Las partículas dan 50.000 vueltas por segundo a esa pista de seis kilómetros y pico. En diez segundos viajan más de tres millones de kilómetros. Cada vez que pasan por un
hueco
—en realidad una serie de cavidades especialmente construidas—, un voltaje de radiofrecuencia les propina una energía de alrededor de 1 MeV. Los imanes que las mantienen enfocadas las dejan desviarse de las rutas que se les asignan apenas un cuarto de centímetro en todo el viaje. No es perfecto, pero sí lo bastante bueno. Es como apuntar con un rifle a un mosquito que está en la Luna y darle en el ojo que no es. Para mantener los protones en la misma órbita mientras se los acelera, la intensidad de los imanes debe aumentar en sincronía precisa con la ganancia de energía de aquéllos.

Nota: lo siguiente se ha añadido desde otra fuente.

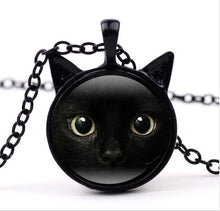 Load image into Gallery viewer, Painting Black Cat with Two Ears Jewelry Glass Cabochon Pendant Necklace - Mega Discount Store Ghana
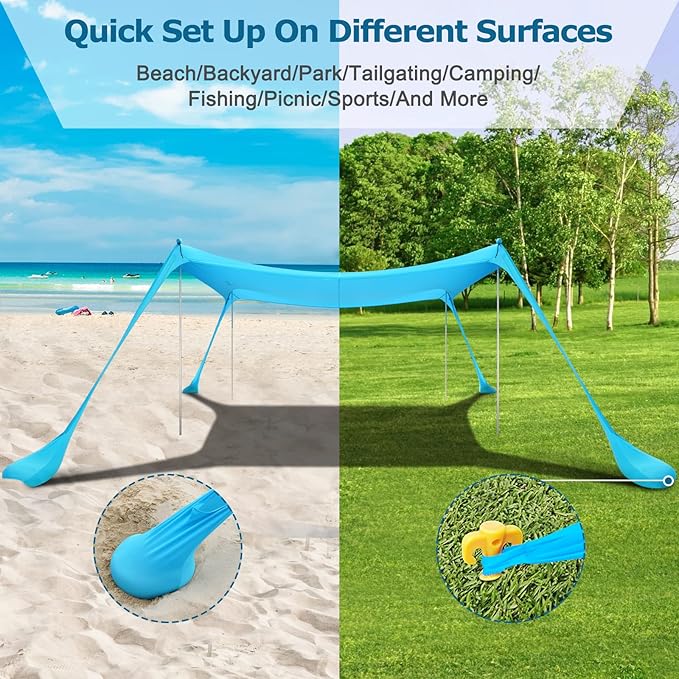 COMMOUDS Beach Tent Sun Shelter - UPF50+ Pop Up Beach Canopy with Sandbags &amp Sand Shovel &amp Windproof Poles Portable Sun Shade for Beach Camping Picnics Backyard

El segundo detalle importante tiene que ver con la teoría de la relatividad: los protones se vuelven, de forma detectable, más pesados cuando su energía supera los 20 MeV, más o menos. Este incremento de la masa destruye la «resonancia ciclotrónica» que Lawrence descubrió y gracias a la cual los protones que giran en espiral compensan con exactitud la mayor longitud de su trayectoria acelerándose. Gracias a esa resonancia se puede sincronizar la rotación con una frecuencia fija del voltaje que acelera las partículas a través del hueco. A una energía mayor, el tiempo de rotación crece, y ya no se puede aplicar un voltaje de radiofrecuencia constante. Para contrarrestar la ralentización, la frecuencia aplicada debe disminuir y por ello se utilizan voltajes aceleradores de frecuencia modulada (FM), con los que se sigue el incremento de masa de los protones. El sincrociclotrón, un ciclotrón de frecuencia modulada, fue el primer ejemplo del efecto de la relatividad en los aceleradores.
El sincrotrón de protones resuelve el problema de una manera aún más elegante. Es un poco complicado, pero se basa en que la velocidad de la partícula (99 coma lo que sea por 100 de la velocidad de la luz) es esencialmente constante. Suponed que la partícula cruza el hueco en esa parte del ciclo de radiofrecuencia en que el voltaje acelerador es cero. No hay aceleración. Aumentemos ahora el campo magnético un poco. La partícula describe un círculo más cerrado y llega un poco antes al hueco; ahora la radiofrecuencia está en una fase que acelera. La masa, pues, crece, el radio de la órbita también y estamos de vuelta a donde empezamos pero con una energía mayor. El sistema se corrige a sí mismo. Si la partícula gana demasiada energía (masa), su radio de giro aumentará, llegará más tarde al hueco y verá un voltaje desacelerador, lo que corregirá el error. El aumento del campo magnético tiene el efecto de incrementar la energía de masa de nuestra heroína la partícula. Este método depende de la «estabilidad de fase», que se estudia en este mismo capítulo, más adelante.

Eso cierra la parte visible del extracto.